Ele conta que há duas possibilidades que podem diminuir sua incidência, segundo o especialista: o controle físico, removendo-a, ou o químico - que ainda é estudado no Brasil. Ainda assim, isso seria tratar apenas o reflexo de sua proliferação, que é o despejo do esgoto no rio, um crime ambiental. “Se conseguirmos sanear a cidade, vamos melhorar não só a vida do rio, mas da população como um todo", apela.
Análise das águas
Na última terça-feira (8), o Governo de Pernambuco inaugurou uma sede própria do Laboratório Professor Adaucto Silva Teixeira, no bairro de Dois Irmãos, na Zona Norte do Recife, pertencente à CPRH, uma obra que custou R$ 7 milhões e foi viabilizada com recursos do Banco Interamericano de Desenvolvimento (BID). Segundo a gestão estadual, o centro vai concentrar o monitoramento da qualidade das águas dos rios, praias (balneabilidade) e reservatórios do Estado.
Para Felipe Melo, o monitoramento da qualidade da água é o primeiro passo para que se tenha ideia da poluição nas águas, mas é preciso ir além da análise para reverter o estado dos rios urbanos de Pernambuco. “Existem exemplos de rios que já foram muito poluídos, mas que hoje são exemplos de limpeza, como o Tâmisa, que corta Londres. Esse processo passa por uma recompensação florestal das margens, evitando assoreamento, e pela regularização de saneamento básico, que talvez seja a principal fonte de resíduos nas águas continentais."

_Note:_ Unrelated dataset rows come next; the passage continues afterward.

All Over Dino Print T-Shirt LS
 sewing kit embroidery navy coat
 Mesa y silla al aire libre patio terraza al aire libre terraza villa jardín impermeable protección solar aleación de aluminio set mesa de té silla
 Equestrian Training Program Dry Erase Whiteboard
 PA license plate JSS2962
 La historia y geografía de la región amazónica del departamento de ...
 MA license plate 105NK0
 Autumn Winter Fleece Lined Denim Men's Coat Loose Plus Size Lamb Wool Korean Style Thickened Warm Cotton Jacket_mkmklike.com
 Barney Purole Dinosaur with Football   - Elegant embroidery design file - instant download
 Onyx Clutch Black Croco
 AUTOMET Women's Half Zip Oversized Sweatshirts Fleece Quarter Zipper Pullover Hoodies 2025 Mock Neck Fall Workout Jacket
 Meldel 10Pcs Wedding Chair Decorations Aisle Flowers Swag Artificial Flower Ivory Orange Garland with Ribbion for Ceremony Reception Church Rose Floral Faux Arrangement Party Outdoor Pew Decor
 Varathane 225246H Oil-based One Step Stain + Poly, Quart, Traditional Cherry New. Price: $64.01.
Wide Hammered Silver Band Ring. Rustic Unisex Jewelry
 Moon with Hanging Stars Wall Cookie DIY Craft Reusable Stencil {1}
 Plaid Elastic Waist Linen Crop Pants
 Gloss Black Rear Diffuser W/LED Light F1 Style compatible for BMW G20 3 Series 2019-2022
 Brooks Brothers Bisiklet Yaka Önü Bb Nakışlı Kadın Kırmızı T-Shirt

Ações para ampliar saneamento básico
A responsabilidade de regularizar o esgoto no Estado é da Companhia Pernambucana de Saneamento (Compesa), enquanto a fiscalização de ligações irregulares devem ser feitas pelo poder municipal, pela CPRH e pelo Instituto Brasileiro do Meio Ambiente e dos Recursos Naturais Renováveis (Ibama).
Por nota, a Prefeitura do Recife informa que vem atuando de forma complementar à Compesa com lançamento de licitação para iniciar obras de sanemanto em comunidades da cidade, além de implementar sistema de esgotamento sanitário no Cordeiro, entregar obras do tipo em 60 ruas dos bairros de Santo Amaro e Campo Grande. Concluiu que no final do ano assinou contrato com a Caixa para ampliar o sistema na Bacia do Beberibe, que já vem sendo beneficiadas pelas obras do PAC Beberibe.
Resposta da Compesa
A Compesa informa que a questão do saneamento, no que se refere ao esgotamento sanitário, tem sido prioridade do Governo do Estado, mesmo antes da aprovação em 2020, do Novo Marco Legal do Saneamento, que determina as metas de investimentos e obras a serem executadas com vistas à universalização dos serviços de esgotamento no país.
Pernambuco saiu na frente, quando a Compesa instituiu em 2013, o Programa Cidade Saneada, a maior parceria público-privada do saneamento em andamento no país, que estabeleceu uma meta ousada para atingir 90% de cobertura de esgoto em todas as áreas urbanizadas em 15 municípios, sendo 14 localizados na Região Metropolitana do Recife, e um na cidade de Goiana, na Mata Norte
Diante da magnitude do programa, os primeiros anos das ações foram voltados para a recuperação e modernização das 200 unidades de esgoto existentes, entre estações de tratamento e estações elevatórias (sistemas de bombeamento) e o desenvolvimento de estudos e projetos para novas obras. Com os projetos em mãos, a Compesa, e sua parceira, a BRK Ambiental, deu início a fase das obras físicas para a ampliação dos sistemas de esgoto existentes e para a implantação de novos sistemas. Diante do alto montante de investimento e também do volume de empreendimentos necessários, a Compesa estabeleceu um planejamento que vem sendo cumprido.
Desta forma, o Programa Cidade Saneada segue com um grande pacote de obras em execução, alcançando o montante de R$ 1,7 bilhão de investimentos e uma taxa de cobertura de 44% no Recife, e 40% RMR, com expectativa de chegar a 53% em 2025 e, ao final do projeto, em 2037, a 90%, beneficiando mais de seis milhões de pessoas com recursos da ordem de quase R$ 7 bilhões. Até o momento, já foram implantados nove novos sistemas de esgotamento sanitário nas cidades de São Lourenço da Mata, Recife, Olinda, Paulista, Cabo de Santo Agostinho, Ipojuca, Goiana e Jaboatão dos Guararapes. Outras 11 obras estão em andamento.